Del mismo modo, aunque de manera más recurrente, einstellung. Un vocablo que atesora significados tan diversos a priori como “plano (cinematográfico)” y “actitud”, pero que el propio arte cinematográfico posibilita unir íntimamente. Otro mero hallazgo filológico que sirve a Wenders para definir sintéticamente su filosofía artística, desvelando toda una concepción de la indisoluble comunión entre ética y estética: “(…) todo acto fotográfico o fílmico documenta todo lo que entra en el plano. Pero (…) también documenta lo que sucede detrás de la cámara (…). Las fotografías son también un documento del talante con que el fotógrafo o el director de cine han visto algo. (…) En cine, un einstellung [un plano] es lo que hay dentro de un encuadre (…). Pero (…), también es lo que hay fuera del encuadre, es decir, la einstellung [actitud] interior del cineasta respecto de una cuestión” (p.164).

Atento en este extremo, aunque implícitamente, a la herencia legada por los realizadores de la Nouvelle Vague, por tanto quizá sea esta última una aportación nada novedosa, pero sí indudablemente audaz para los tiempos despojados de personal honradez y rigor que corren. Papel decisivo juega en ello el protagonismo de la, en aquellos momentos, naciente tecnología digital audiovisual, y por extensión, de lo concerniente al futuro de la interrelación entre realidad, imagen y verdad. No en vano, el libro viene precedido por una cita de Paul Klee, que apunta directamente a este tema.

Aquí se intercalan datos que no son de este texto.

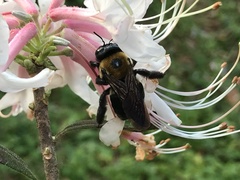 Xylocopa virginica image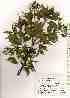  ( - TW019429)  @11 [ ] Copyright (2021) Unspecified Forestry and Forest Products Research Institute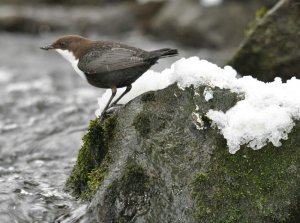 Dipper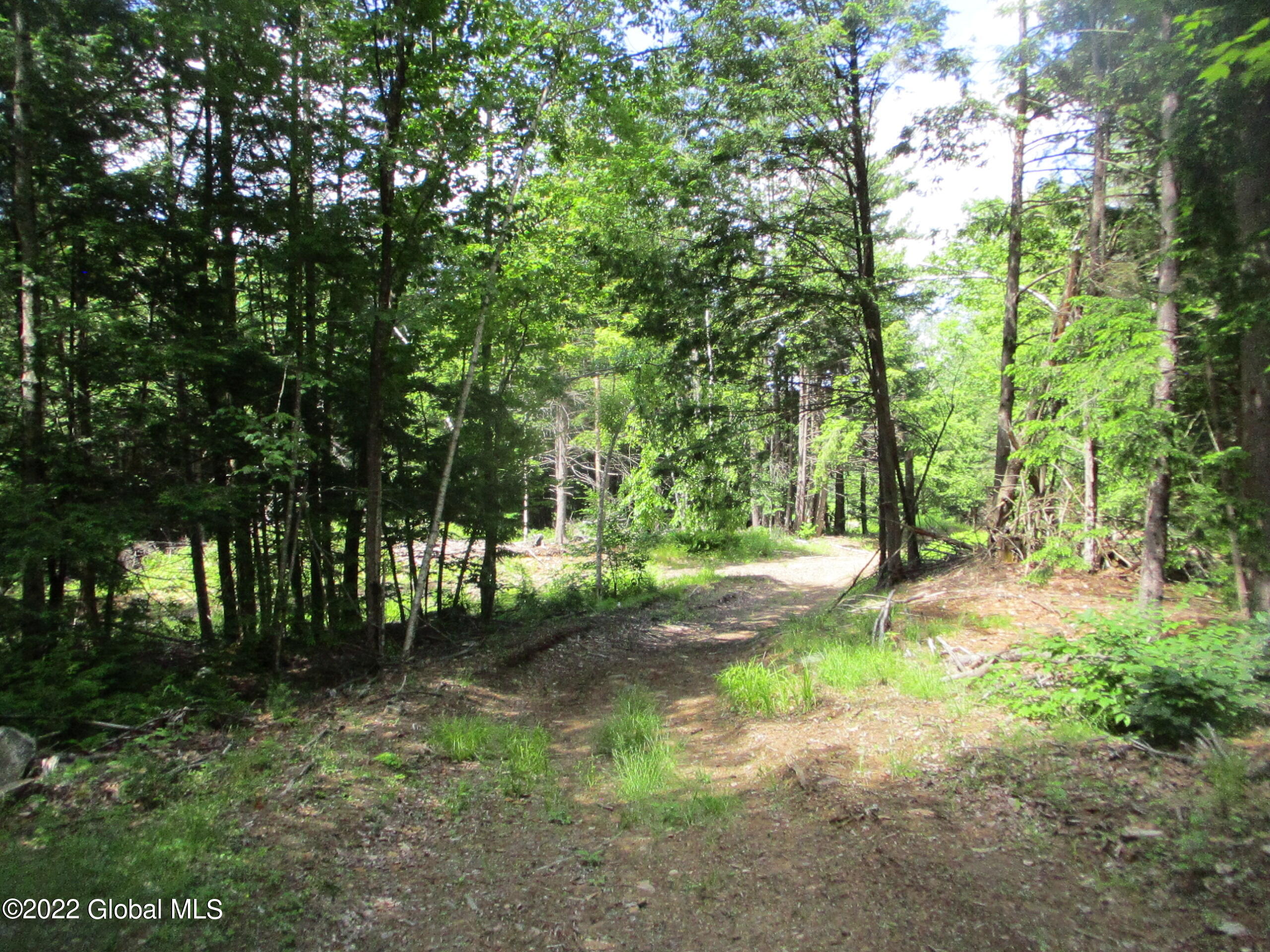 197 Min Allen Road Hadley, NY 12835 - Photo 54 of 73 54 ATV Trail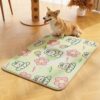 FREE PET(PRICE IS SHIPPING FEE)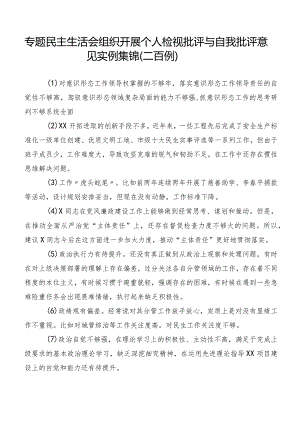 专题民主生活会组织开展个人检视批评与自我批评意见实例集锦（二百例）.docx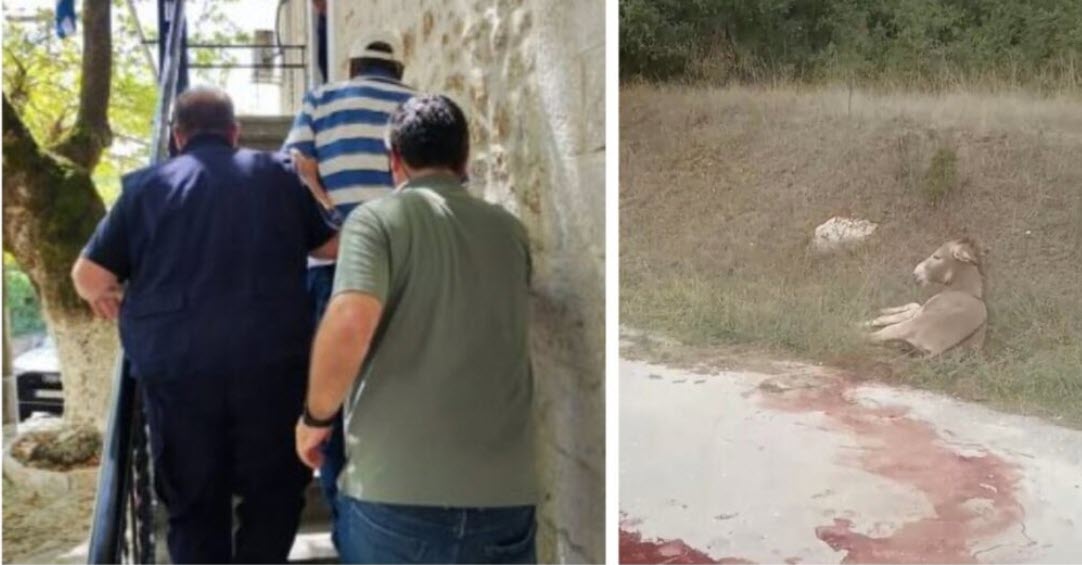 Ιωάννινα: Ελεύθερος με περιοριστικούς όρους ο αντιδήμαρχος Ζίτσας που φέρεται να κακοποίησε ένα γαϊδούρι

Concluyendo, la coherencia del pensamiento wendersiano resulta en todos estos extremos modélica, ya que, tratándose de declaraciones de hace casi 15 años, permanecen validadas por su obra posterior y, a la espera del estreno de Don´t Come Knocking, actualizadas casi a la letra por su penúltima obra, Tierra de abundancia (Land of Plenty, 2004).

En definitiva, un libro imprescindible para conocer, valorar y comprender mejor a uno de los grandes cineastas contemporáneos, que, junto a Erice, Angelopoulos, Oliveira, Kaurismäki, Tavernier, Kiarostami…, han hecho de la mera coherencia y la fidelidad a sí mismos la mejor resistencia a la despersonalización global, y de la superación artística –personal–, su modélica actitud vital.